▸ DATA SHOWN
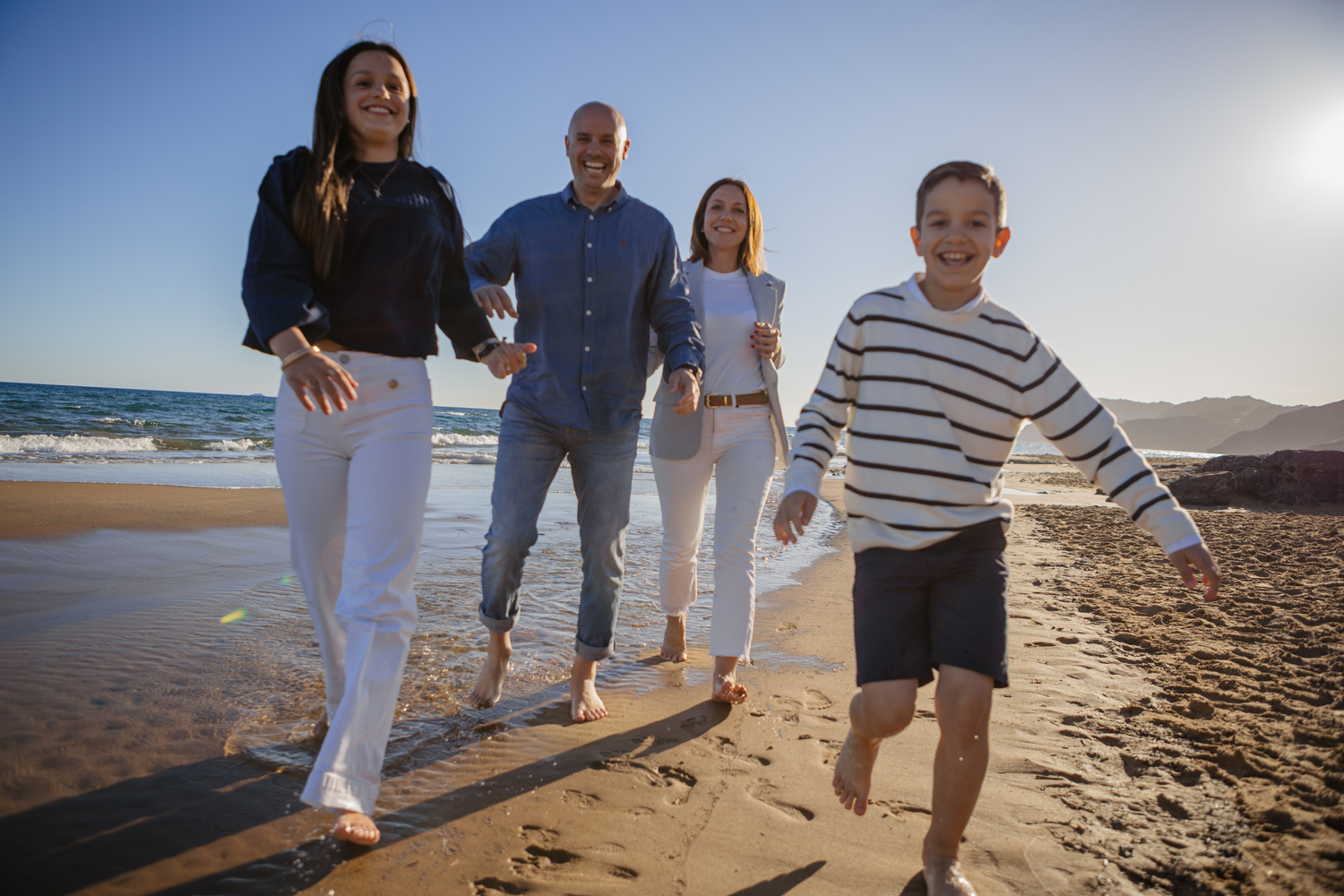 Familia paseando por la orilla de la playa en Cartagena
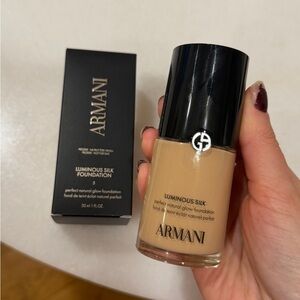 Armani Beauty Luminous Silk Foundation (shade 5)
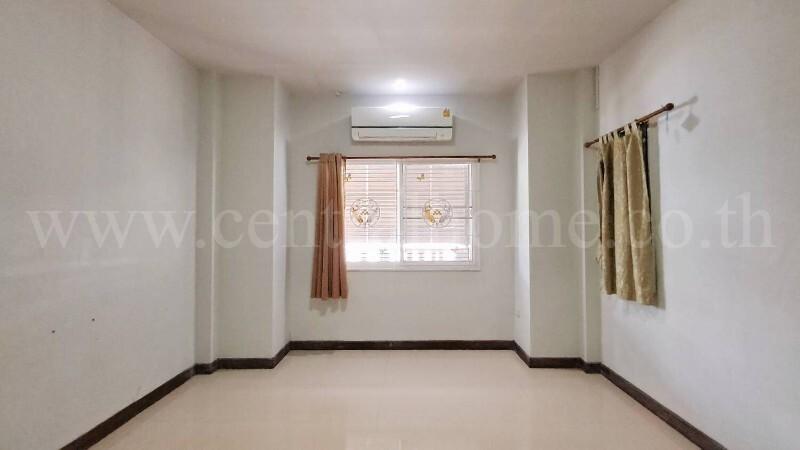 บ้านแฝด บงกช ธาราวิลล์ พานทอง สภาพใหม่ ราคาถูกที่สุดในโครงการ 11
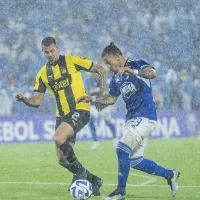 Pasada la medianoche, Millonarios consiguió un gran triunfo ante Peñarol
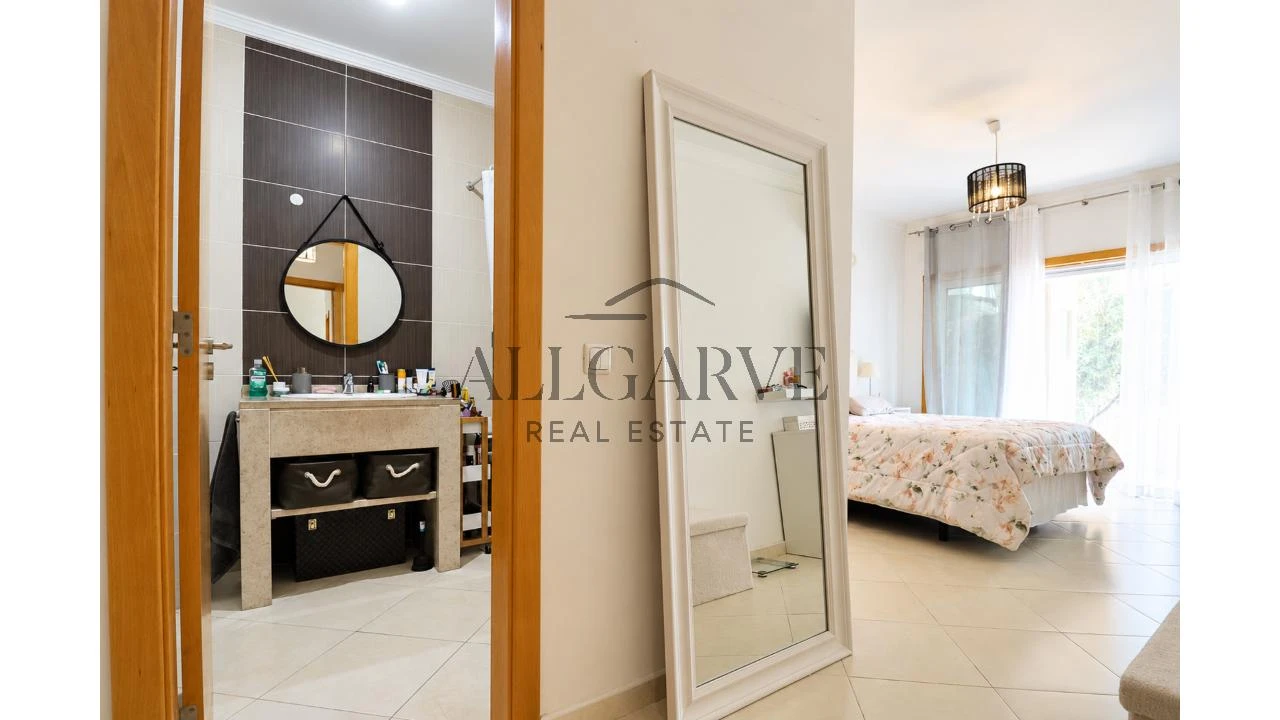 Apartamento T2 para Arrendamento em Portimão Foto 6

* * *

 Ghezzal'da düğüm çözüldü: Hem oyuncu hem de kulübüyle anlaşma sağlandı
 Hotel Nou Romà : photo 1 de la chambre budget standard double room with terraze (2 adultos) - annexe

--

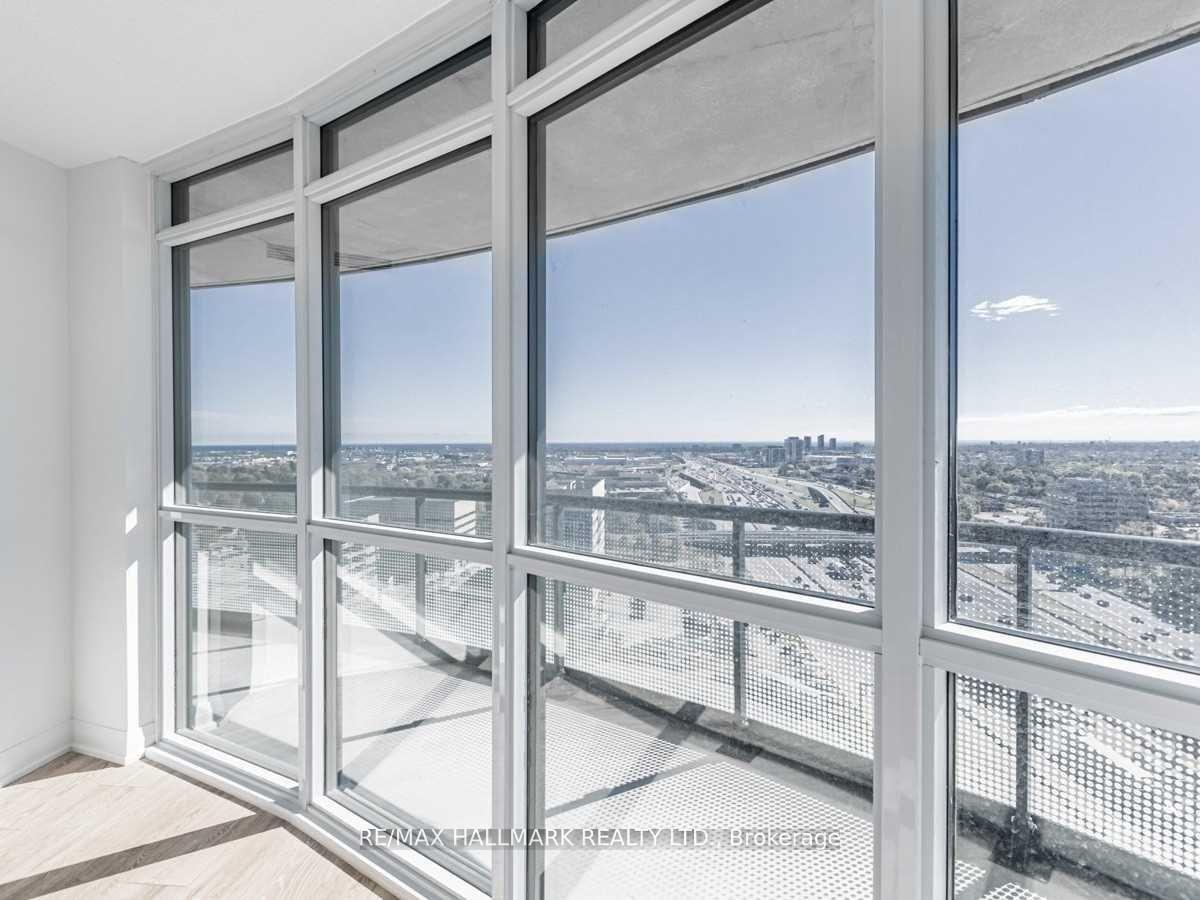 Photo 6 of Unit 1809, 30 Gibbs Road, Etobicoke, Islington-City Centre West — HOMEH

▸ TASK DETAILS
Having found the line with "Familia paseando por" and the line with "Pasada la medianoche, Millonarios" in the material above, write out exactly those two and every line between, leaving the pictures out.

▸ WRITTEN SOLUTION
 Familia paseando por la orilla de la playa en Cartagena
 Armani Beauty Luminous Silk Foundation (shade 5)
 บ้านแฝด บงกช ธาราวิลล์ พานทอง สภาพใหม่ ราคาถูกที่สุดในโครงการ 11
 Pasada la medianoche, Millonarios consiguió un gran triunfo ante Peñarol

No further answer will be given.